- **AIM OF THE EXERCISE**:
Could you copy exactly the lines from the one containing "Mode multiplayer untuk" through the last line of the records below, leaving out any pictures?
EXTRACTED MATERIAL START
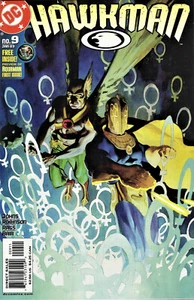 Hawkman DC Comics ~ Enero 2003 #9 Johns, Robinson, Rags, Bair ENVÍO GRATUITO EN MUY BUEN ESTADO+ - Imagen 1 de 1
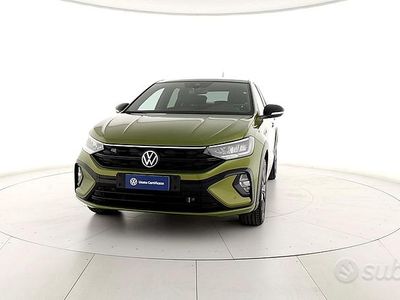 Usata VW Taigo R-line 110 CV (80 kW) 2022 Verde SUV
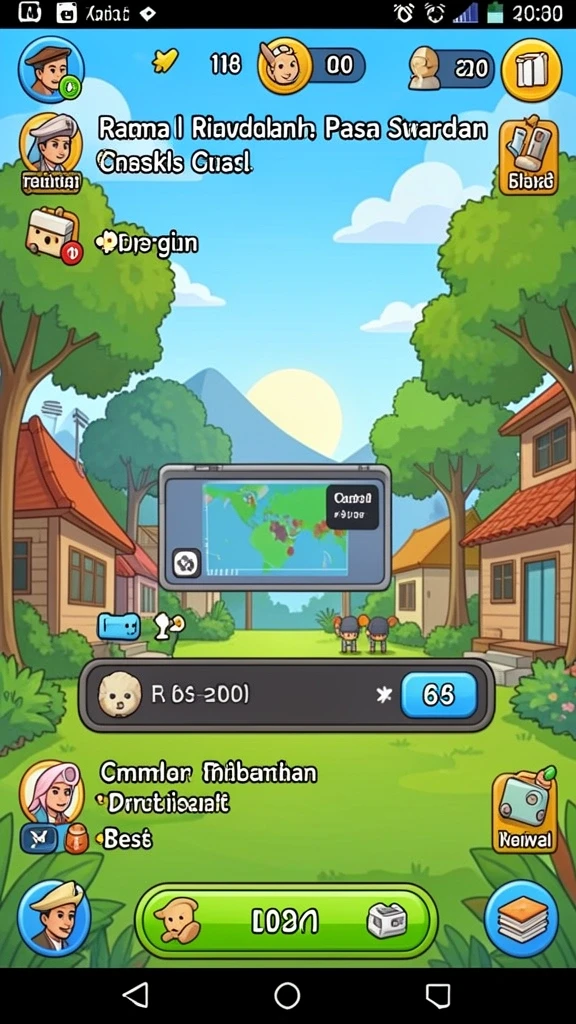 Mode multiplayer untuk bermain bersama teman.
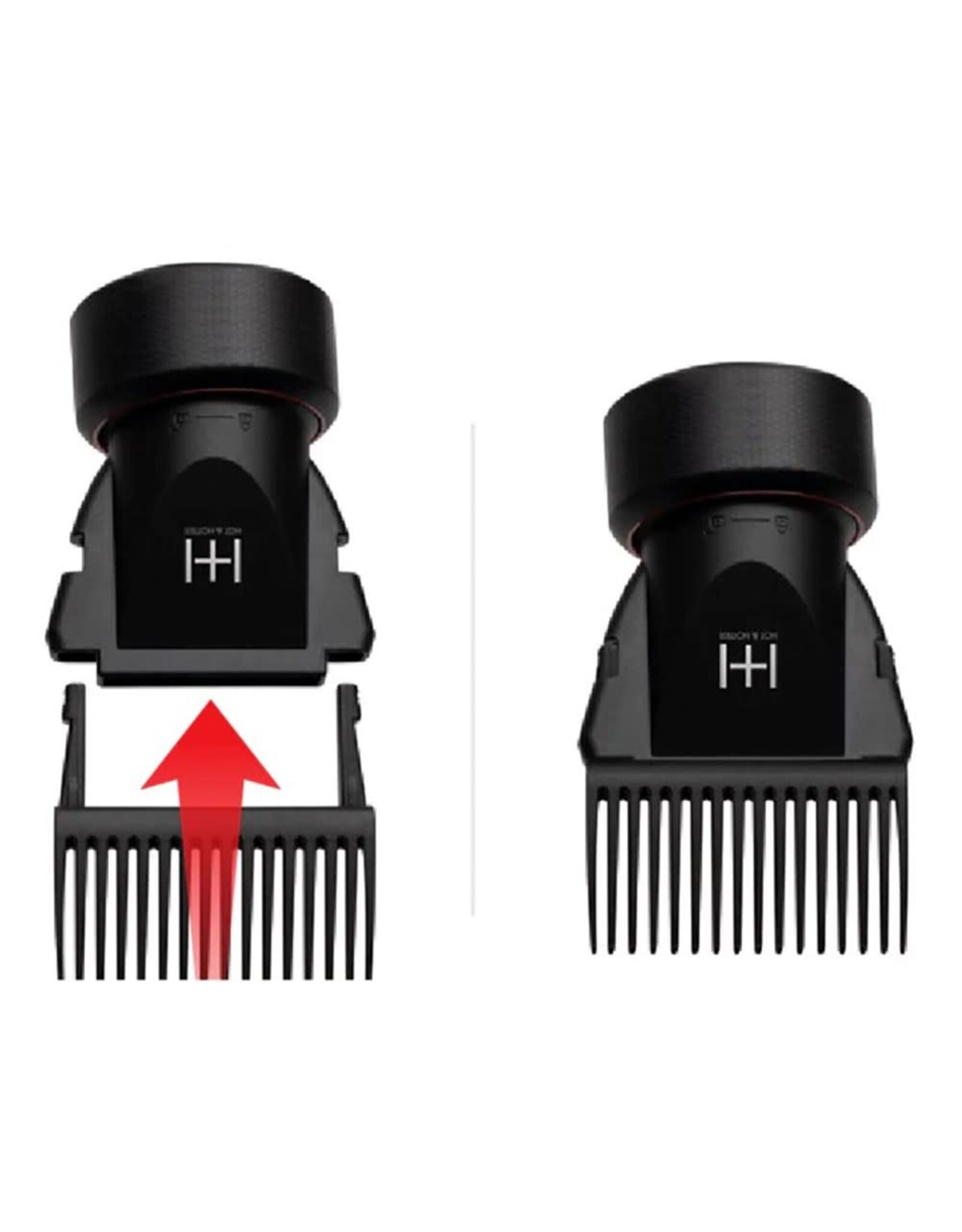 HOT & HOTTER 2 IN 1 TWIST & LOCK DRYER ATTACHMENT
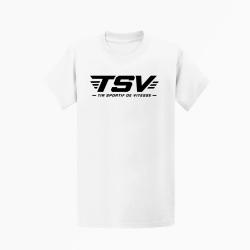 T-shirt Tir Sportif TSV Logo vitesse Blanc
EXTRACTED MATERIAL END
- **THE ANSWER**:
 Mode multiplayer untuk bermain bersama teman.
 HOT & HOTTER 2 IN 1 TWIST & LOCK DRYER ATTACHMENT
 T-shirt Tir Sportif TSV Logo vitesse Blanc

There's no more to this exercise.